L’heure est venue pour moi de vous parler de ma lecture du dernier livre d’Arnaldur Indriðason, le prolifique auteur islandais qui nous ravit dès qu’il publie un nouvel ouvrage. Alors ici, pour tout vous avouer, Les fils de la poussière, publié aux éditions Métailié, est en fait son premier roman, paru en 1997, roman qui ouvre magistralement la voie au polar islandais. On retrouve donc, en attendant un nouveau livre de l’écrivain, un livre qui va nous permettre de voir ce que fut son premier essai dans la voie du thriller. Et on se rend compte, une fois le livre terminé, que cet ouvrage méritait amplement d’être publié en France 20 ans après. Venons-en à l’histoire maintenant.

Daniel, quadragénaire interné dans un hôpital psychiatrique de Reykjavik, se jette par la fenêtre sous les yeux de son frère Palmi. Au même moment, un vieil enseignant, qui a eu Daniel comme élève dans les années 60, meurt dans l’incident de sa maison. Trouble coïncidence…

L’enquête est menée parallèlement par le frère de Daniel, libraire d’occasion, un tendre rongé par la culpabilité, et par une équipe de policiers parmi lesquels apparaît un certain Erlendur (ah tiens, on le connaît celui-ci du coup, aux côtés du premier de la classe). Peu à peu, ils découvrent une triste histoire d’essais pharmaceutiques et génétiques menés sur une classe de cancres des bas quartiers, des gamins avec qui on pense pouvoir tout se permettre.

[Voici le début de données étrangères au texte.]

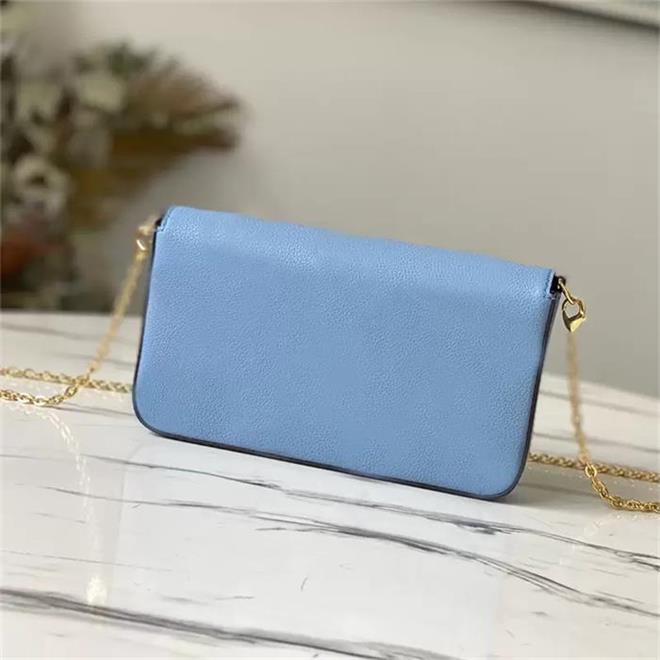 2022 Designers Bags Handbag Women Shoulder Bag and wallet Brand Totes top Quanlity Four colors To Choose 9046ss, 30x11x27cm
2022 Designers Bags Handbag Women Shoulder Bag and wallet Brand Totes top Quanlity Four colors To Choose 9046ss, 30x11x27cm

Le livre nous permet d’entrer dans l’univers de l’auteur au travers de ses premiers écrits. On découvre le personnage d’Erlendur (même si en fait, on le connaît déjà si on a lu les autres livres de l’auteur). On se rend compte que l’auteur s’appuie déjà sur de nombreux éléments qui feront son succès ensuite, des personnages travaillés et attachants et un suspense maîtrisé, parfaitement construit. Comme dans ses livres suivants, le passé joue un rôle important dans l’intrigue.

A cela s’ajoute une dimension sociale dans ce premier roman de l’auteur puisque ce dernier nous dresse un portrait sans concession de son pays natal à travers ses maux comme l’alcoolisme, la misère et la pauvreté.

Reste l’intrigue du livre, agréable à suivre, pas la plus surprenante de ses ouvrages mais il nous doit d’être compréhensif car après tout, c’est le premier roman du maître. Et en plus, comme l’histoire est rythmée, le lecteur est quand même tenu en attention et en haleine tout au long de l’ouvrage.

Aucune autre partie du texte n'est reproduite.